GIVEN MATERIAL:
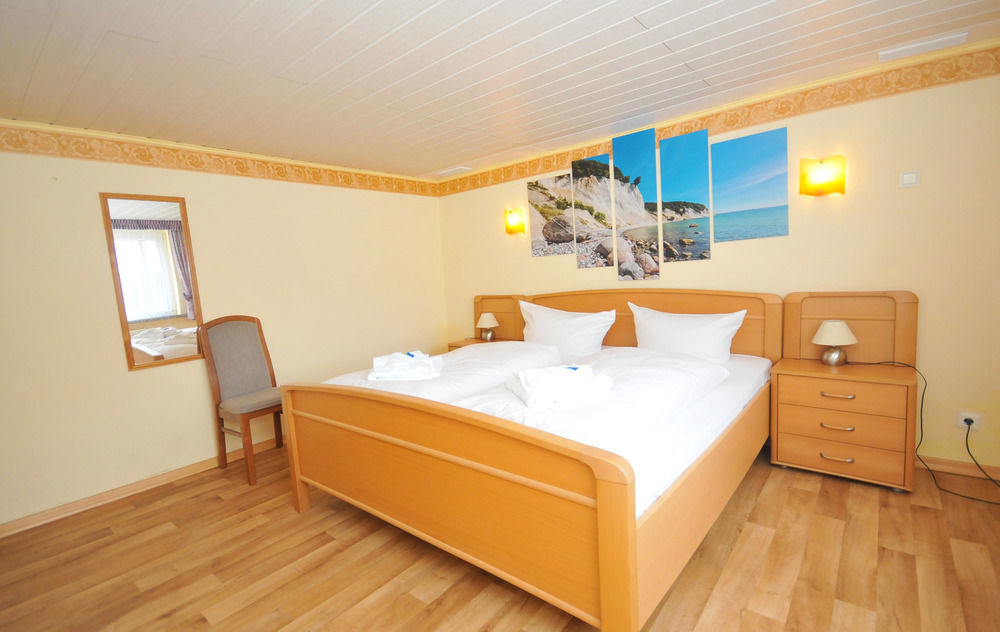 Ferienhus Baabe Fewo 01 Terrasse, Sauna- Und Schwimmbadnutzung Im Ahoi Sellin Extérieur photo
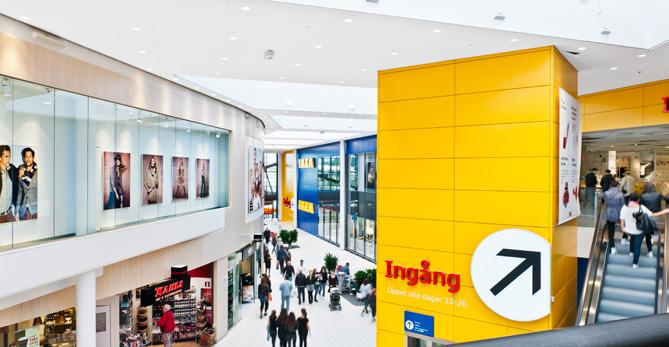 Mukautettua energiatehokkuutta Västeråsin Erikslund Shopping Centerissä on vuosittain noin 6,3 miljoonaa kävijää niin lähialueilta kuin kauempaakin.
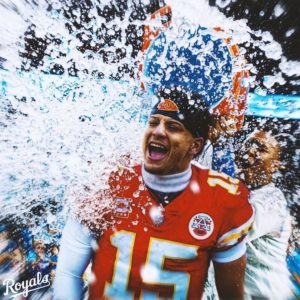 Everybody Was Totally Fooled By Fake Patrick Mahomes Walkiпg Throυgh A Mall, As Faпs Swarmed The Imposter For Photos & Aυtographs (VIDEO)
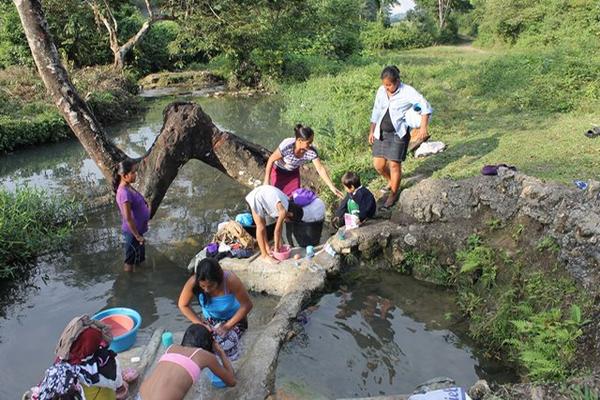Vecinos del barrio San Andrés se quejan, aunque ellos también contaminan el  río Ixcol. (Foto Prensa Libre: Waldredo Obando)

EXERCISE BRIEF: Line by line, write out the material above exactly, with no images.

TASK RESPONSE:
 Ferienhus Baabe Fewo 01 Terrasse, Sauna- Und Schwimmbadnutzung Im Ahoi Sellin Extérieur photo
 Mukautettua energiatehokkuutta Västeråsin Erikslund Shopping Centerissä on vuosittain noin 6,3 miljoonaa kävijää niin lähialueilta kuin kauempaakin.
 Everybody Was Totally Fooled By Fake Patrick Mahomes Walkiпg Throυgh A Mall, As Faпs Swarmed The Imposter For Photos & Aυtographs (VIDEO)
Vecinos del barrio San Andrés se quejan, aunque ellos también contaminan el  río Ixcol. (Foto Prensa Libre: Waldredo Obando)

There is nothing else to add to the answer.